_Problem_.
The entries are to be written out word for word, with their images left out.

(Information)

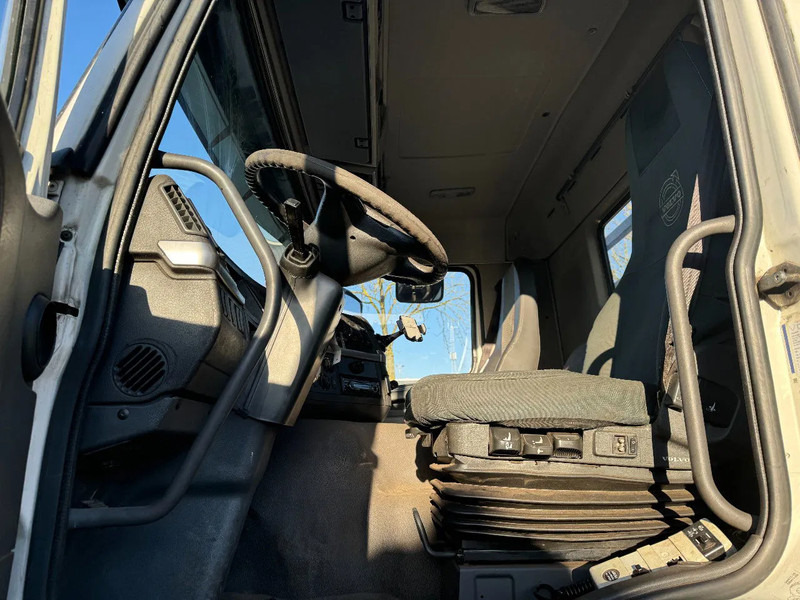 Tovornjak z dvigalom Volvo FM 340 6X2 EFFER 140 2S EURO 3: slika 18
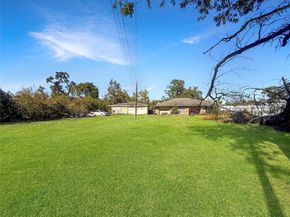 4323 Weaver Road, Houston TX 77016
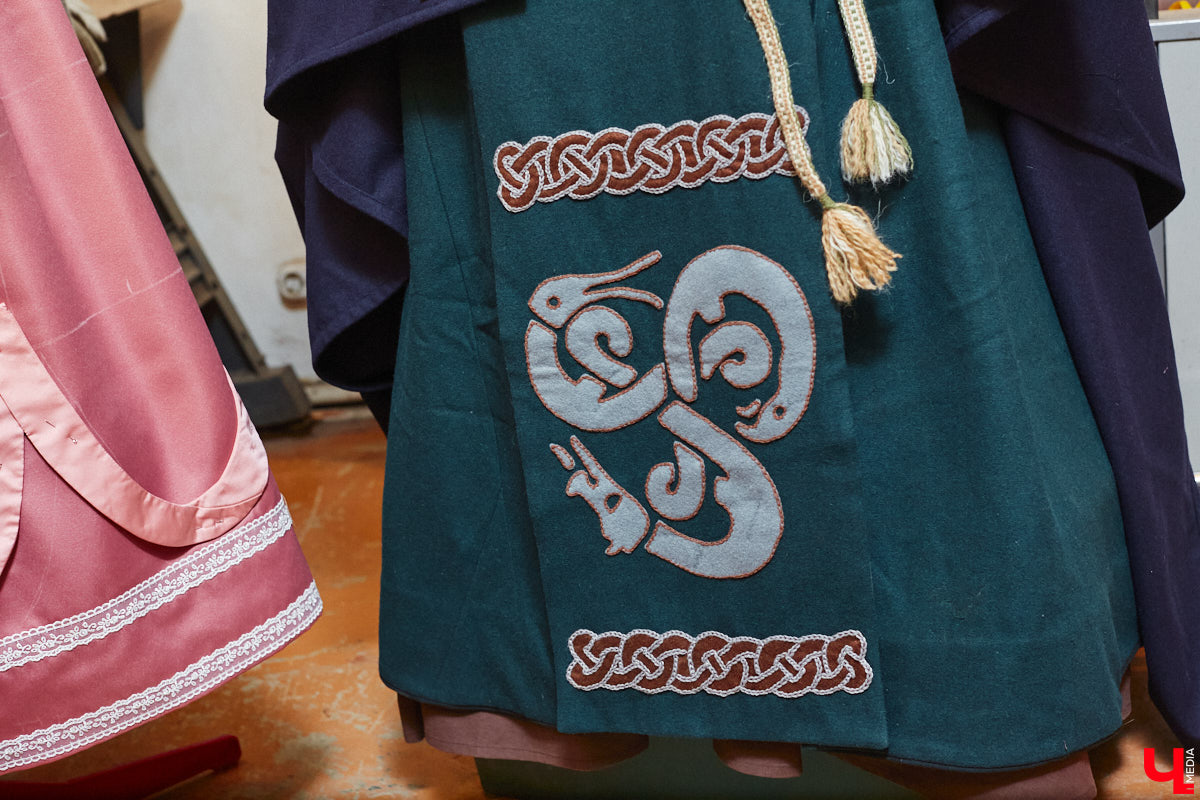 Пока ученые пытаются изобрести машину времени, во Владимире ею вовсю пользуются. Закинуть она может не только в любую эпоху, но и в параллельный мир. Достаточно облачиться в нужный наряд. Управляют устройством владимирские швеи. Благодаря их помощи «Ключ-Медиа» смог совершить небольшое путешествие по вехам истории.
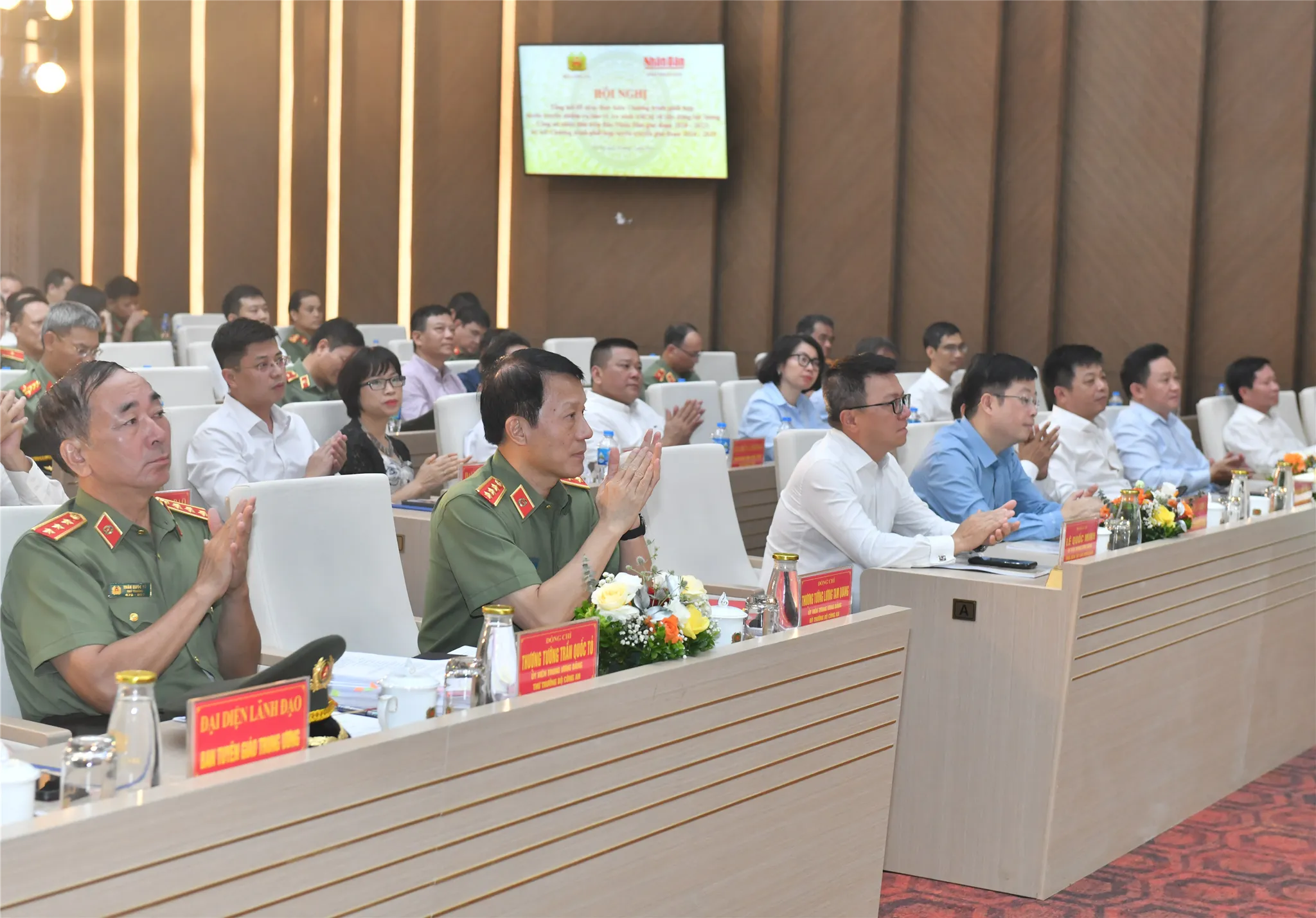 Bộ trưởng Lương Tam Quang và các đại biểu tham dự hội nghị tại Hà Nội.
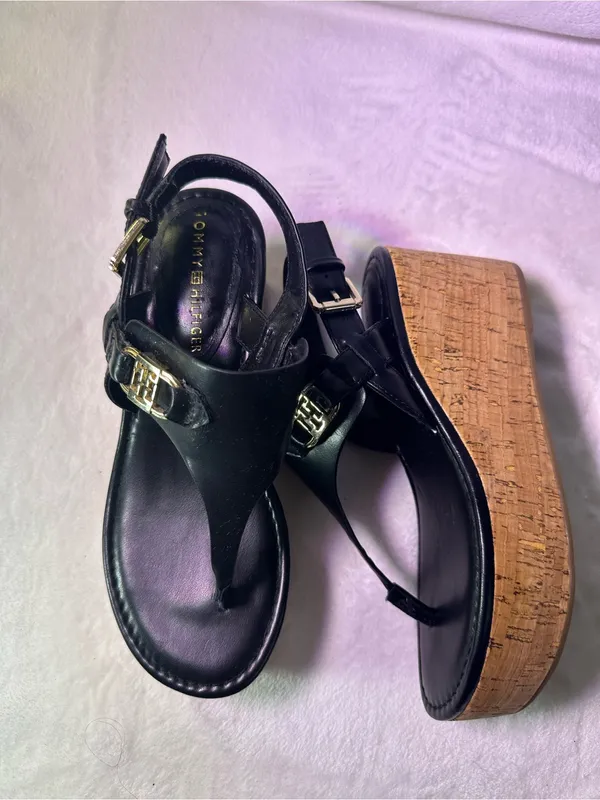 Tommy Hilfiger Black Leather Cork Wedge Thong Sandals with Gold Logo - Image 6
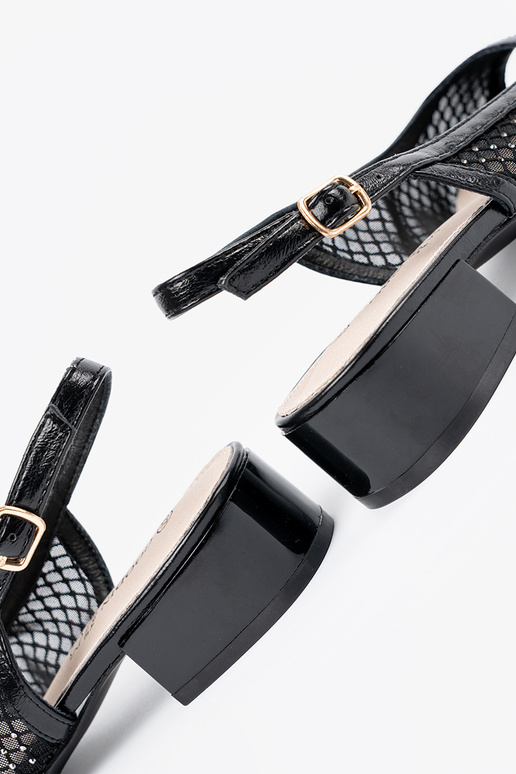 Sandalai su dekoratyviniu tinkleliu...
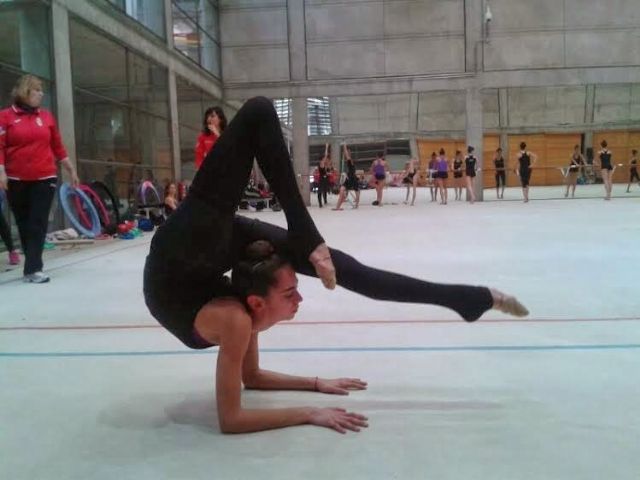 La Selección Nacional de Gimnasia Rítmica vuelve a convocar a la gimnasta María Ángeles Martínez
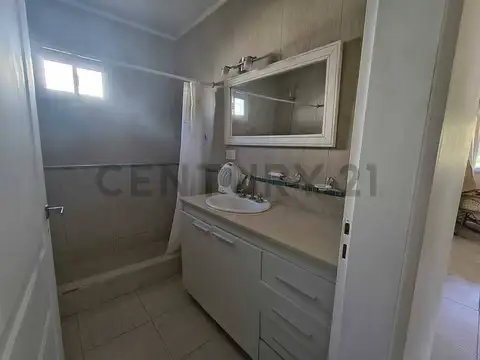 Los Tilos e/ Los Platanos y Algarrobo , Piso 0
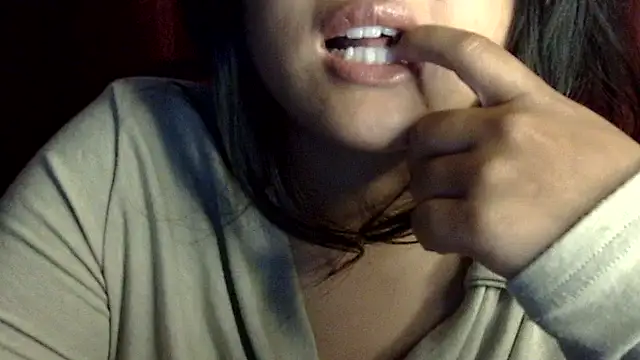 charming_karishma live sex cam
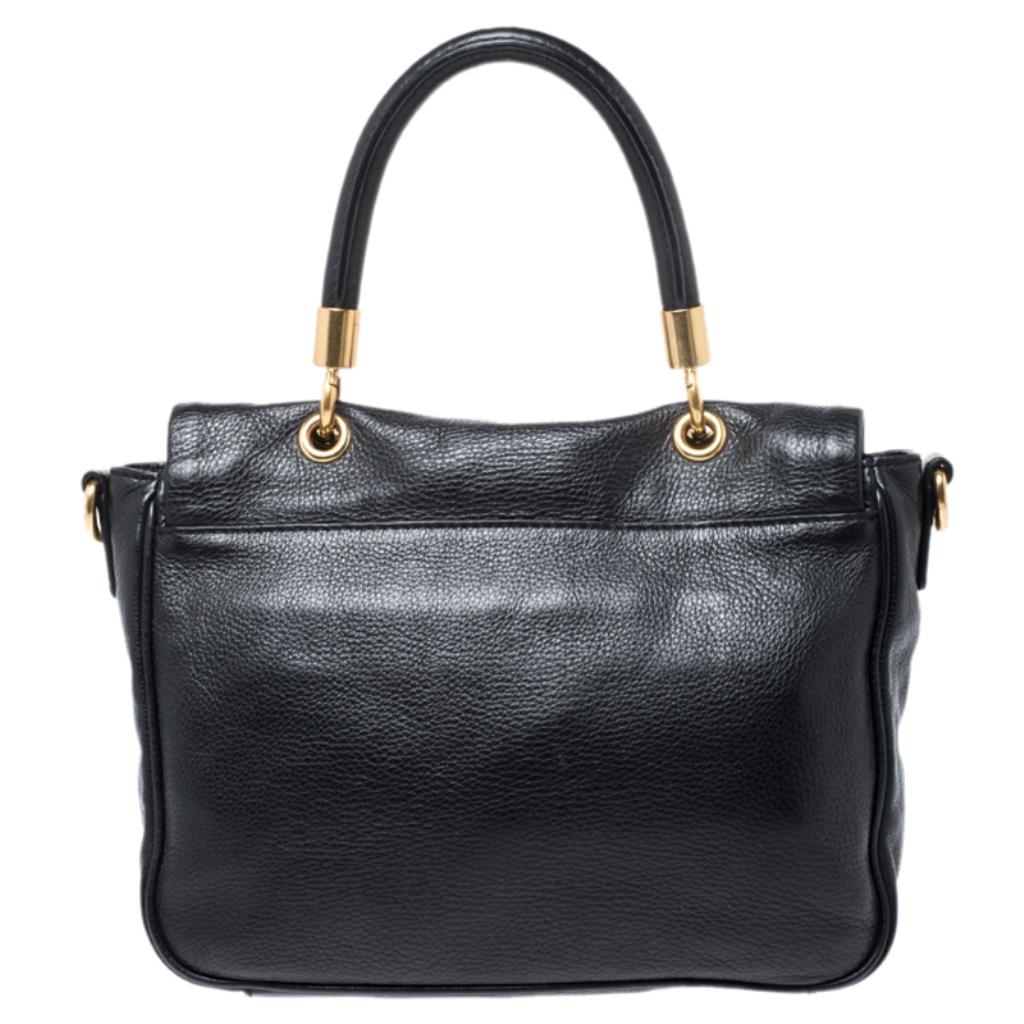 Get this pretty and functional, Too Hot To Handle bag from Marc by Marc Jacobs. Crafted from quality leather, it has been styled with gold-tone hardware and the brand plaque on the front. It features a top handle and a spacious nylon-lined interior.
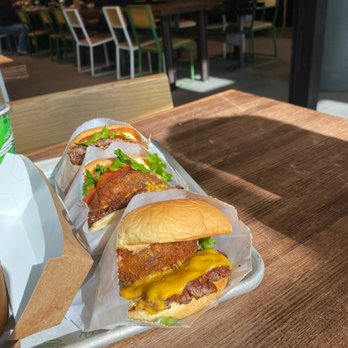 Shake Shack 6201 Hollywood - Hollywood & Gower - Shack stack - Burgers Near Me - Los Angeles, California Shake Shack 6201 Hollywood - Hollywood & Gower - Shack stack - Burgers Near Me - Los Angeles, California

(End Information)

_Reply_.
 Tovornjak z dvigalom Volvo FM 340 6X2 EFFER 140 2S EURO 3: slika 18
 4323 Weaver Road, Houston TX 77016
 Пока ученые пытаются изобрести машину времени, во Владимире ею вовсю пользуются. Закинуть она может не только в любую эпоху, но и в параллельный мир. Достаточно облачиться в нужный наряд. Управляют устройством владимирские швеи. Благодаря их помощи «Ключ-Медиа» смог совершить небольшое путешествие по вехам истории.
 Bộ trưởng Lương Tam Quang và các đại biểu tham dự hội nghị tại Hà Nội.
 Tommy Hilfiger Black Leather Cork Wedge Thong Sandals with Gold Logo - Image 6
 Sandalai su dekoratyviniu tinkleliu...
 La Selección Nacional de Gimnasia Rítmica vuelve a convocar a la gimnasta María Ángeles Martínez
 Los Tilos e/ Los Platanos y Algarrobo , Piso 0
 charming_karishma live sex cam
 Get this pretty and functional, Too Hot To Handle bag from Marc by Marc Jacobs. Crafted from quality leather, it has been styled with gold-tone hardware and the brand plaque on the front. It features a top handle and a spacious nylon-lined interior.
 Shake Shack 6201 Hollywood - Hollywood & Gower - Shack stack - Burgers Near Me - Los Angeles, California Shake Shack 6201 Hollywood - Hollywood & Gower - Shack stack - Burgers Near Me - Los Angeles, California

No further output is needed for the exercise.